Eat, Pray, Die Review

Eat, Pray, Die (Eat, Pray, Die Humorous Mystery #1)

By Chelsea Field

Originally Published July 5th, 2016

Singular POV, First Person

Eat, Pray, Die kept on popping up as a recommendation while I read the Spotless series. The covers were similar, I thought the synopsis sounded fun and quirky, and while I licked the emotional wounds Spotless #4 left me with (damn that book hurt!), I gave Chelsea Field's a try.

My initial assumptions were correct. This book is unique and rather adorable. With a kind of plot I've only ever read in Fantasy books, I read it very quickly.

Eat, Pray, Die (upon further investigating) is a large procedural series of mystery books centered around Izzy. She's out of options, in massive debt thanks to her crappy ex-husband, and as a last resort went into training to be a taste tester for an obscure company called the Taste Society. They cater to high-profile clients; celebrities, politicians, etc. Turns out, poisonings are actually pretty popular among the upper echelon of society around the world. The Taste Society trained Izzy and she is now ready to take on her first job. Unfortunately, her first job gets her tangled up in an attempted murder investigation and if she fails, she'll be worse off than before starting at the Taste Society.

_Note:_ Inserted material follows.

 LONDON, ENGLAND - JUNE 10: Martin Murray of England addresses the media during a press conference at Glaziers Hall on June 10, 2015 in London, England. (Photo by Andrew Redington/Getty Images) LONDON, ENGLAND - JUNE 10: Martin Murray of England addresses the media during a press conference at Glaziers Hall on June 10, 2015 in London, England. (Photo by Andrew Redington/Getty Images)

Izzy is a pretty chill character, down to earth and relatably over her whole situation. The Taste Society pays well, and she's determined to pass her first job. Avoiding scary, macho debt collectors, her attraction to her new boss, and any attempts on her own life, Izzy takes one crazy day at a time. This book was heavy on the mystery, the whole time she's doing investigative work. The book was a tad slow, mostly because of the investigation, only picking up every couple chapters or so when something outside of the mystery would happen to Izzy. The final chapters felt slightly rushed, mostly because the building tension between she and her boss peaks rather suddenly. Declarations were made, promises of spicy times in the future, and it felt out of nowhere due to only mutual glances of attraction and mental declarations of her boss being sexy. While I'm glad there was romance, I genuinely felt like it was so minutely worked upon throughout the book because Field wanted to drag it out across the entire series in a slow-burn. By the end of the book, it didn't feel that way any longer.

Fun and entertaining, Eat, Pray, Die, was a quick read that did its job and distracted me from my book hangover of another series. I only wish I'd loved the romance more, but with six books I am hoping it heats up and levels out into something a little more believable.